## Exercise
Print every line below exactly. Skip the pictures.

## Data section
------------------------
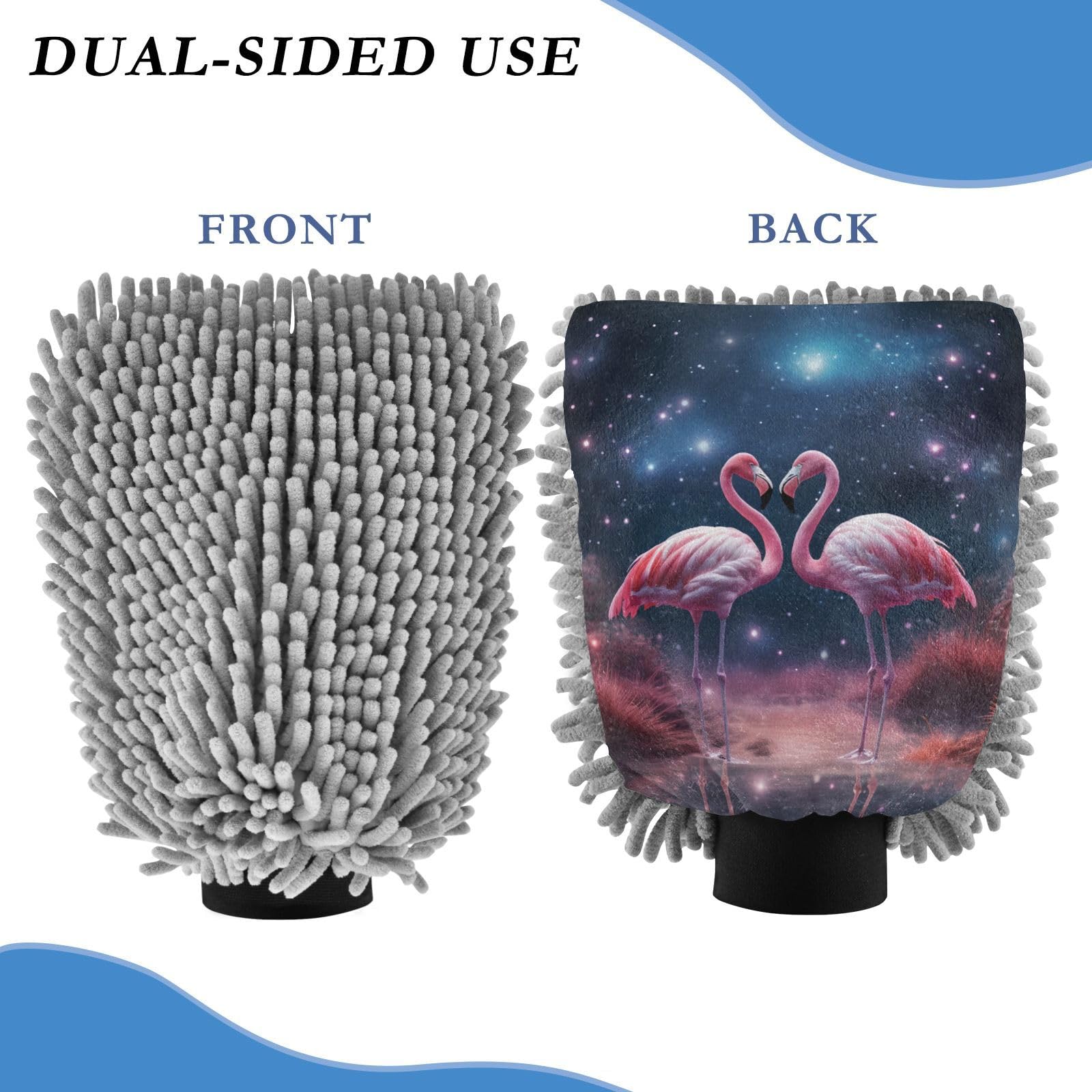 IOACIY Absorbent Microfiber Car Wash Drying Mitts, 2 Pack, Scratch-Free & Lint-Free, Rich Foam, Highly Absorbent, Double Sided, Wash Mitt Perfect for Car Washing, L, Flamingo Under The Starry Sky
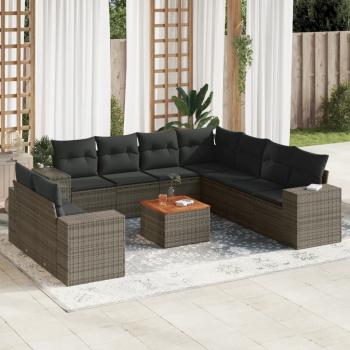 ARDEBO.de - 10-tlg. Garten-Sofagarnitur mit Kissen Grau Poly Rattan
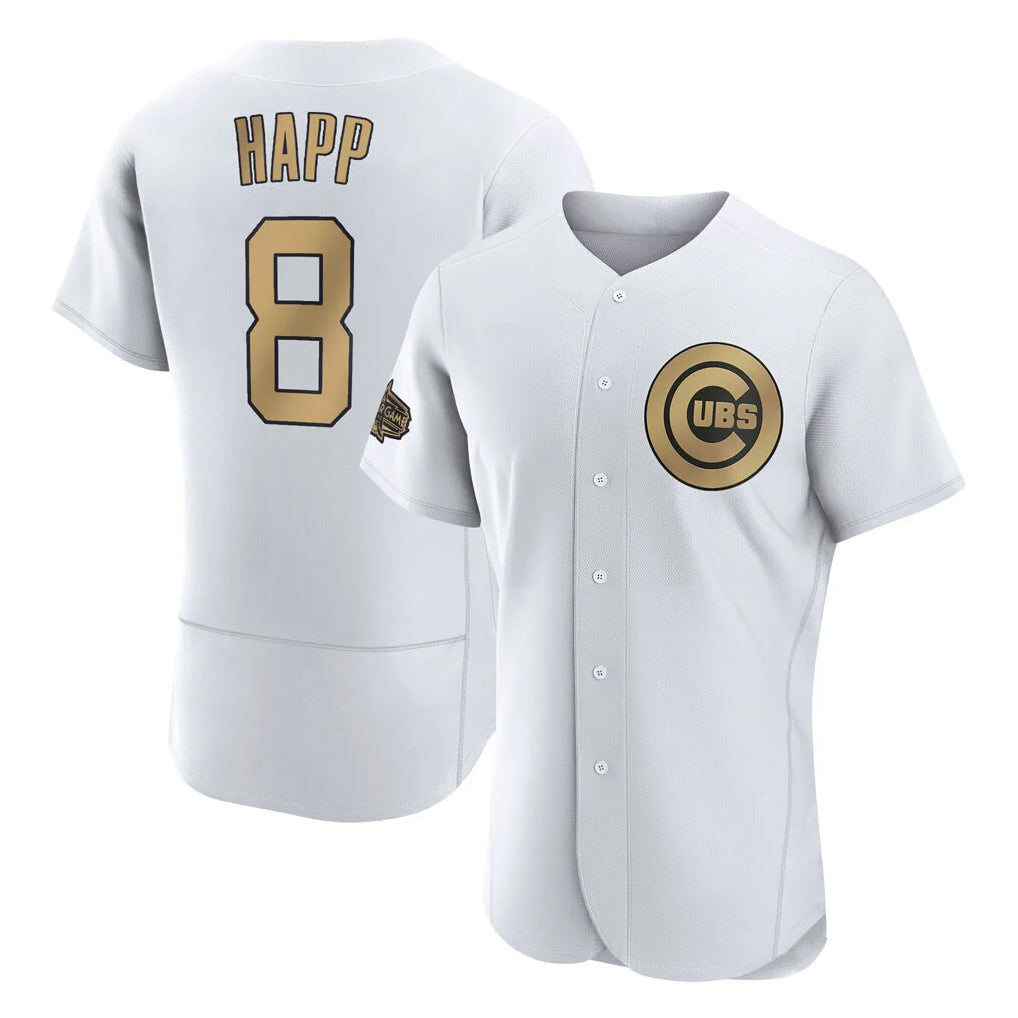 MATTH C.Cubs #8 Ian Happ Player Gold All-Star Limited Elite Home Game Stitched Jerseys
------------------------
## Answer box
 IOACIY Absorbent Microfiber Car Wash Drying Mitts, 2 Pack, Scratch-Free & Lint-Free, Rich Foam, Highly Absorbent, Double Sided, Wash Mitt Perfect for Car Washing, L, Flamingo Under The Starry Sky
 ARDEBO.de - 10-tlg. Garten-Sofagarnitur mit Kissen Grau Poly Rattan
 MATTH C.Cubs #8 Ian Happ Player Gold All-Star Limited Elite Home Game Stitched Jerseys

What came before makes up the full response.